Today, you can find reproductions for sale in seaside knick-knack shops, especially on Nantucket. The genuine artifacts from the nineteenth century fetch quite a high price and are significantly more difficult to find. In all my years of perusing antique stores across New England, I have yet to see one myself. I became interested in the artform because the idea of a grizzled seaman painstakingly gathering shells off the beach and sticking them in elaborate patterns as a show of dedication to someone back home roused my curiosity. I could imagine his calloused hands forming cockles into carnations, betraying his tough exterior out of a desire to create something that someone else may find beautiful.
Unfortunately, the reality is quite a bit less romantic, but, as is often the case with history, just as interesting. While it is likely that some sailors’ valentines were created by the sailors themselves, most of them were simply purchased as souvenirs—much like they are today. One clue pointing towards this fact is that most of the shells used in the craft are from species of mollusk originating in the West Indies. This is not entirely unusual, considering that the sailors would indeed have frequently stopped in the region, but wouldn’t one expect to find a whole host of worldwide shells considering the scope of the sailors’ journeys? The truth is, most sailors’ valentines were actually made by women from Barbados, which just so happened to be the last stop before home on many voyages returning to New England. Essentially, sailors would buy sailors’ valentines from these talented women as a last-minute gift.
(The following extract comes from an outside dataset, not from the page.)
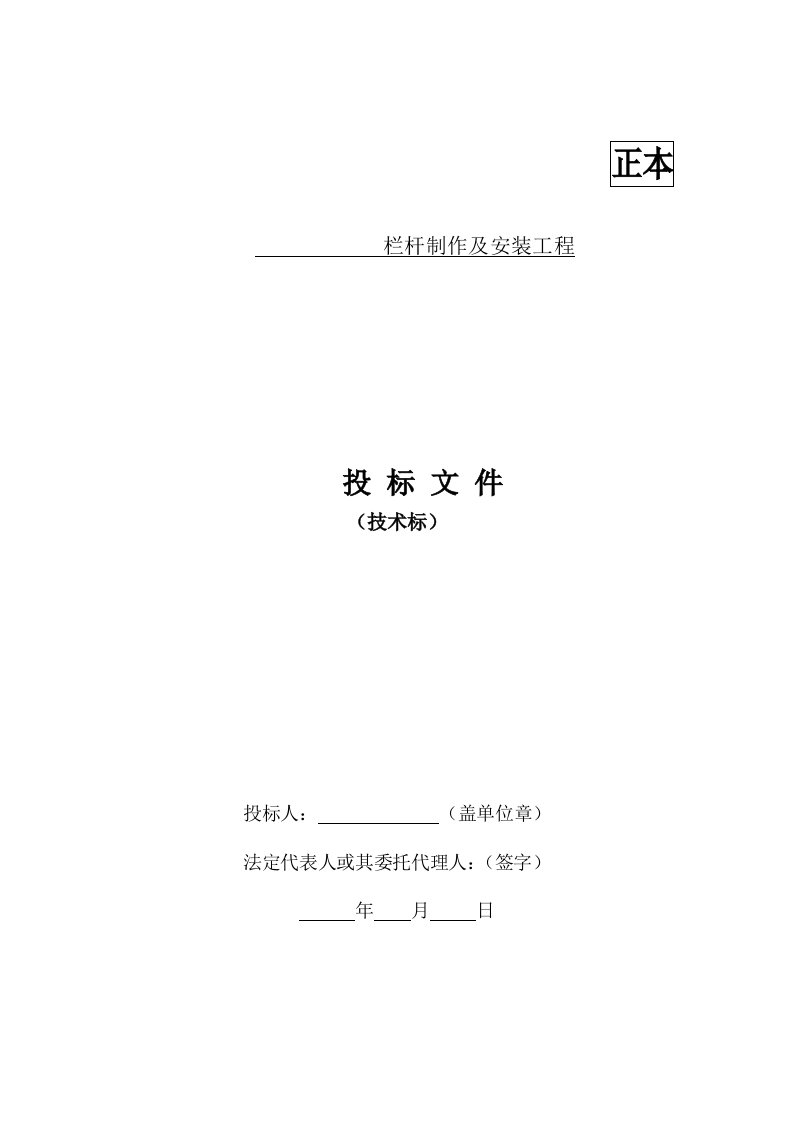 建筑工程管理-栏杆制作及安装工程技术标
Despite having had my fantasies crushed, I decided to try my hand at making my own sailors’ valentine anyways. However, as a college student in Hartford and not a 19th century sailor, I would need to resort to a less adventurous source of shells: the Michael’s in East Hartford. It was there that I also acquired the frame, which was hexagonal rather than octagonal, but I had thrown historical accuracy out the window the moment that a chain craft supply store got involved.
Over the course of the next week, I sorted out and arranged my shells until I had completely filled the frame. I estimate that I used about 150 individual shells, ranging from nautilus-like spirals to long, thin cones. While my final product may not be as colorful or intricate as my inspirations, it does have something that the originals do not: it was made with its recipient in mind.